## Generalizations About Adding

## Work Time

# Generalizations About Adding

Jack, Marcus, and Lucy made the following generalizations about adding integers.

**Jack's generalization:**

You can use the number line to show $a+b$, where $a$ and $b$ are any two numbers:

- Start at $a$ (which may be positive, negative, or 0).
- From $a$, move a distance of $\left|b\right|$ to the right if $b$ is positive or to the left if $b$ is negative.
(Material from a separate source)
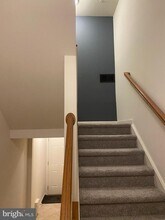 8049 Crescent Park Dr in Gainesville, VA - Building Photo - Building Photo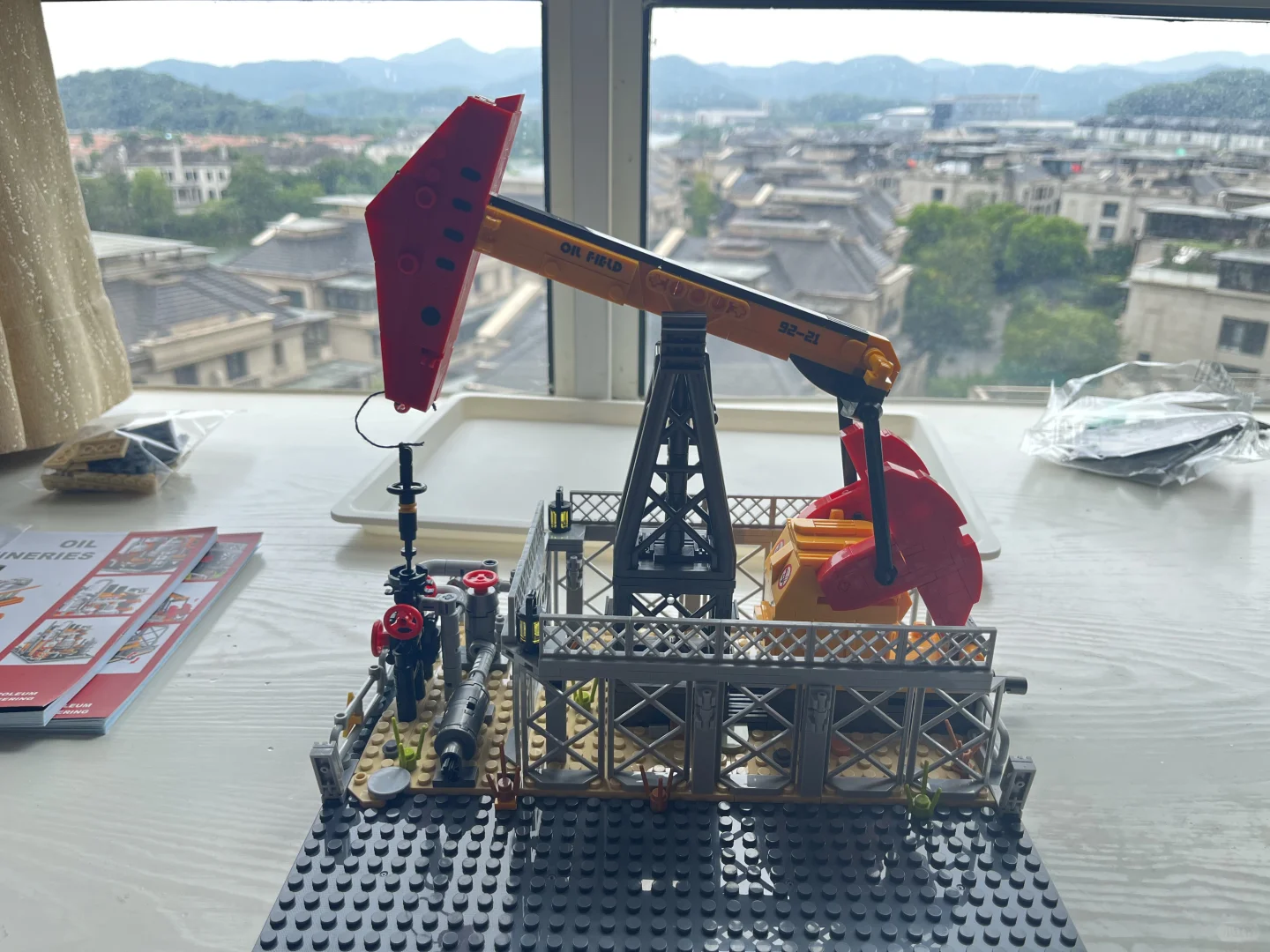 本人拼搭的第1⃣️8⃣️6⃣️座街景，石油化工厂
The number you arrive at on the number line is the answer to $a+b$.

**Marcus's generalization:**

- The sum $a+b$ is negative if both $a$ and $b$ are negative or if the negative number is a greater distance from 0 (has a greater absolute value) than the positive number.
- The sum $a+b$ is positive if both $a$ and $b$ are positive or if the positive number is a greater distance from 0 (has a greater absolute value) than the negative number.

**Lucy's generalization:**

- When you add two numbers with the same sign, add their absolute values and write the sum using the sign of the numbers.
- When you add two numbers with different signs, find the difference between their absolute values and write the difference using the sign of the number that has the larger absolute value.

Who is correct? Explain why.

## Hint:

Look at your equations and number lines from the previous problems.

- Apply each student’s generalization to your work. Does the generalization work?
- Think about how you created each number line. How did the signs of the addends determine what you did on the number line?